There are, however, two major caveats that you should always consider before resorting to using FFA financing. First, remember that your spouse has an important role in your financial matters, even if not directly involved in your business. This means that you must be cognizant of the fact that, in the unfortunate case of a divorce, community property states can wreak havoc on a business. Secondly, you should not borrow from any single member of your FFA a dollar more than these individuals can afford to lose. In this way, you are able to avoid the painful situation of any one of these supporters losing entire savings or a home due to the losses resulting from having invested in your business.

Exploring Public Funding

Public entities are typically quite interested in promoting the start-up and growth of businesses.
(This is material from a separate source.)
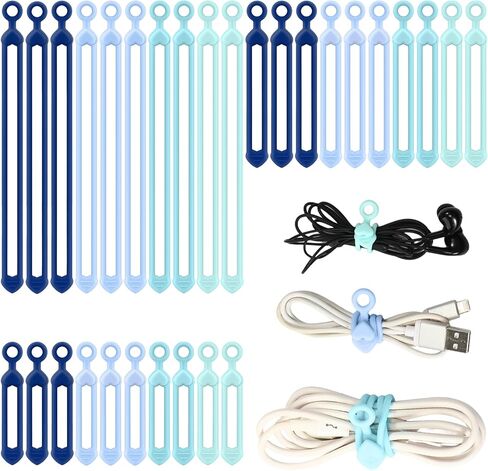 Pangda 48 Pcs Silicone Cable Ties with 3 Sizes Reusable Cable Management Organizer Multipurpose Elastic Cord Wire Ties Adjustable Electronic Cord Organizer for Travel Office Desk(Gradient Pink) in Saudi Arabia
The reasons for this are twofold. For one thing, small businesses create anywhere from 67% to 75% of new jobs, depending upon the source consulted. Clearly, all levels of government are very much invested in the notion of ensuring that the population is maximally employed. Another reason for interest in business start-ups and expansion (not totally distinct from the concern about employment) is that such businesses add to the tax base. While the federal government is not mentioned as a direct funding source in the section that immediately follows, it is quite prominently engaged in guaranteeing small business financing through the SBA, which is, thus, included in this section.

Community Development Funds

Throughout the nation, there exist numerous community development institutions. These institutions are provided funding by the Community Development Financial Institutions Fund, backed by the U.S. Treasury Department. Various types of financing are then provided to community development financial institutions, such as banks and credit unions, which, in turn, provide financing for businesses to enhance the development or redevelopment of specific communities. The most recent development in this area has been the CDC/504 plan, which is discussed later in the section regarding SBA programs.
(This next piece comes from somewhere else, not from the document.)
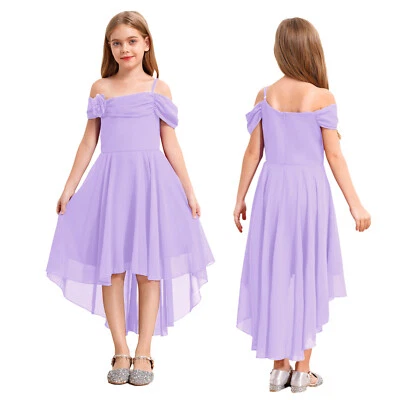 Children Girls Gown Irregular Dress Wedding Dancewear Prom One Shoulder Pageant - Image 1 of 4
State and Local Government

In anticipation of exhausting self-financing and funding from FFA, you should begin to look to state and local governments for any special financing programs that have been specifically developed for businesses with your profile. There are many programs offered by state and local governments for various areas. For example, at just about every state and local website, you can find lists of sources of loans, tax shelters, as well as other incentives for assisting your business.

SBA Loan Guarantee Programs

The U.S. Small Business Administration (SBA) assists small businesses in a number of areas in terms of obtaining loans. The major programs are the microloan, the 7(a) loan, the CDC/504 loans, as well as a number of other guaranteed loan programs for debt financing. Overall, the SBA programs provide longer terms, lower interest rates, lower down payments, and more flexible payment options. If there is any downside to ­SBA-secured loans, it is that, for the most part, these loans are only offered by banks and financial institutions at reference rate + a premium (i.e., these are floating rate loans). In a period when interest rates are low but there are inflationary expectations, such loans could become less attractive than a higher fixed rate loan.
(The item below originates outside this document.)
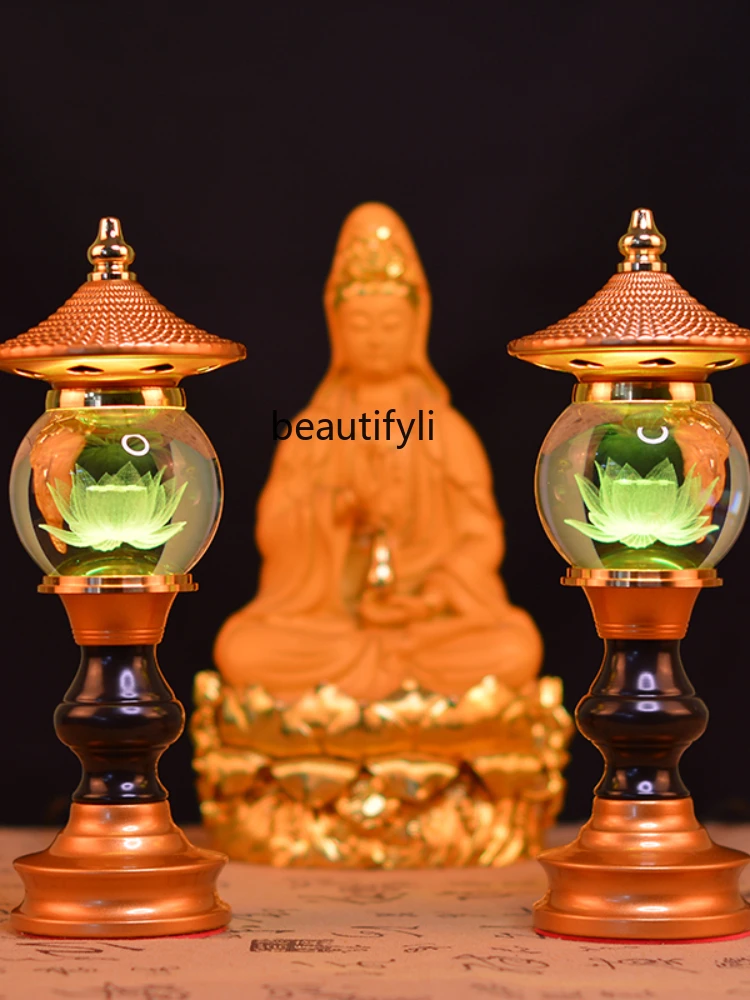 LBX Buddha Lamp Pilot Lamp Colorful Light Household Buddha Lamp Glass Hardware Crafts Decoration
Microloan Program. Through the microloan program, the SBA provides short-term funding to nonprofit financial intermediaries that then make short-term loans to small businesses and nonprofit organizations. These funds are usually used to support working capital needs, such as for inventory, supplies, equipment, machinery, furniture, and fixtures. The maximum amount available to a firm is $35,000.

7(a) Loan Program. The 7(a) program is perhaps the oldest loan guarantee program of the SBA. Under this program, the SBA guarantees loans made to small businesses by banks and other financial institutions. The maturity of these loans can be up to 10 years for working capital such as inventory, 15 years for equipment, and 25 years for fixed assets, land, and buildings up to $5,000,000. There are four general classes of the 7(a) guarantee program: Express Loans (maximum $350,000, variable rates, revolving lines of credit or term loans up to 25 years), Export Loans, Special Purpose Loans, and the Rural Loan Advantage Program. For more in-depth information on the details of each of these programs than is found in this chapter, you should visit the SBA website at sba.gov.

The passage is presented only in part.